What the task requires
After locating the line with "Now let's go" below, output it and each following line exactly, stopping after the line with "In this video, I'm". No pictures.

Supplied records

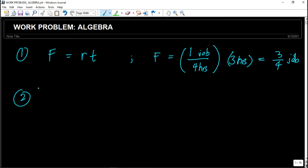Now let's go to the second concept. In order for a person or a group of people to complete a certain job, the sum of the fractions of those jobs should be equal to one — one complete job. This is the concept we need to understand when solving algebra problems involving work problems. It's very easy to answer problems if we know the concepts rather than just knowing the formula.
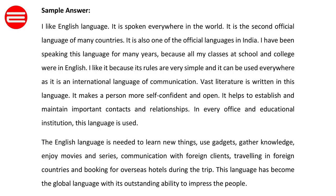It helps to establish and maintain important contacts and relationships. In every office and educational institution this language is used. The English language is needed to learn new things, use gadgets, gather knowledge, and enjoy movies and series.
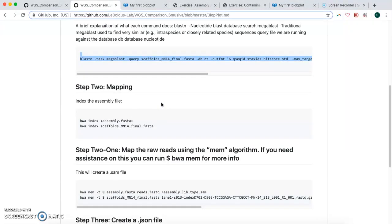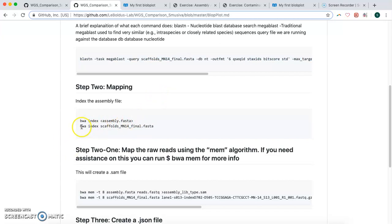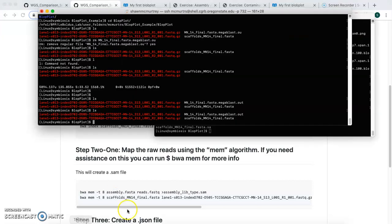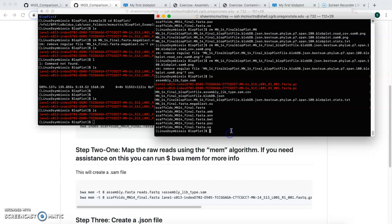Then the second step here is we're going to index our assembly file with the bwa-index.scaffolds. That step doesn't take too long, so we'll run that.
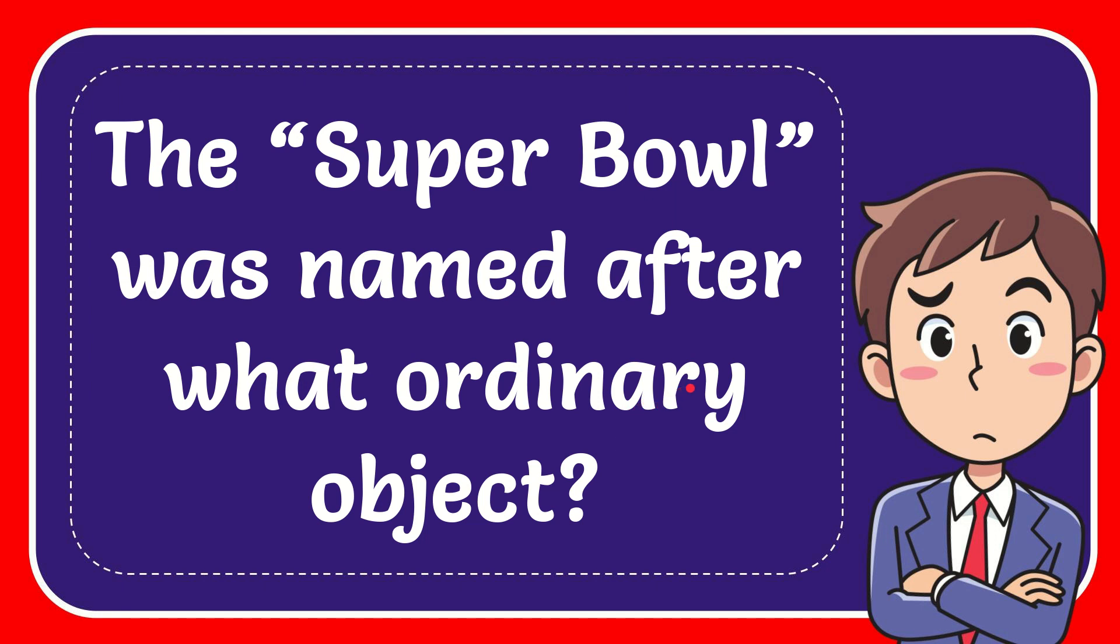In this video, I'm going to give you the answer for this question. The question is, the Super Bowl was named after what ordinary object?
* * *
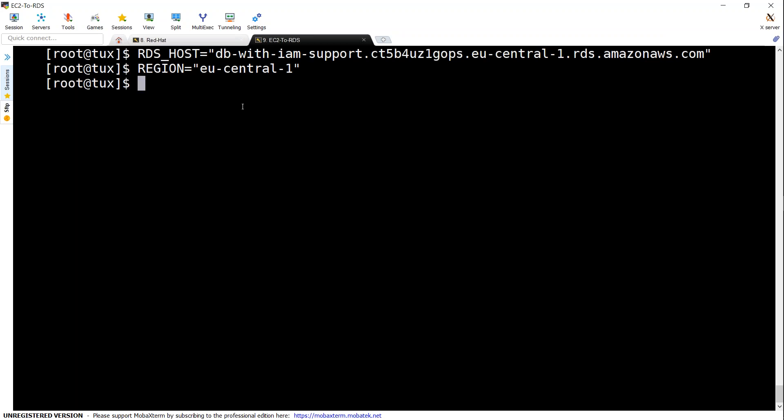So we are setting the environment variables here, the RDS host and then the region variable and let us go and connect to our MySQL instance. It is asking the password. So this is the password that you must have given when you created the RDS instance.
...
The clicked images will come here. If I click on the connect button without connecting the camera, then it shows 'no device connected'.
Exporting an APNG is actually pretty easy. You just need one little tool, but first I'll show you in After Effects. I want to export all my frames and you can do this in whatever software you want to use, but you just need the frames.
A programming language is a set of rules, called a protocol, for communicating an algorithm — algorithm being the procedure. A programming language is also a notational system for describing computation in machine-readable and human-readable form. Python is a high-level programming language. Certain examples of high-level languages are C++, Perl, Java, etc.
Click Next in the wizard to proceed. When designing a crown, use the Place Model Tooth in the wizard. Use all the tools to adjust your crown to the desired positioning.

Reply
Now let's go to the second concept. In order for a person or a group of people to complete a certain job, the sum of the fractions of those jobs should be equal to one — one complete job. This is the concept we need to understand when solving algebra problems involving work problems. It's very easy to answer problems if we know the concepts rather than just knowing the formula.
It helps to establish and maintain important contacts and relationships. In every office and educational institution this language is used. The English language is needed to learn new things, use gadgets, gather knowledge, and enjoy movies and series.
Then the second step here is we're going to index our assembly file with the bwa-index.scaffolds. That step doesn't take too long, so we'll run that.
In this video, I'm going to give you the answer for this question. The question is, the Super Bowl was named after what ordinary object?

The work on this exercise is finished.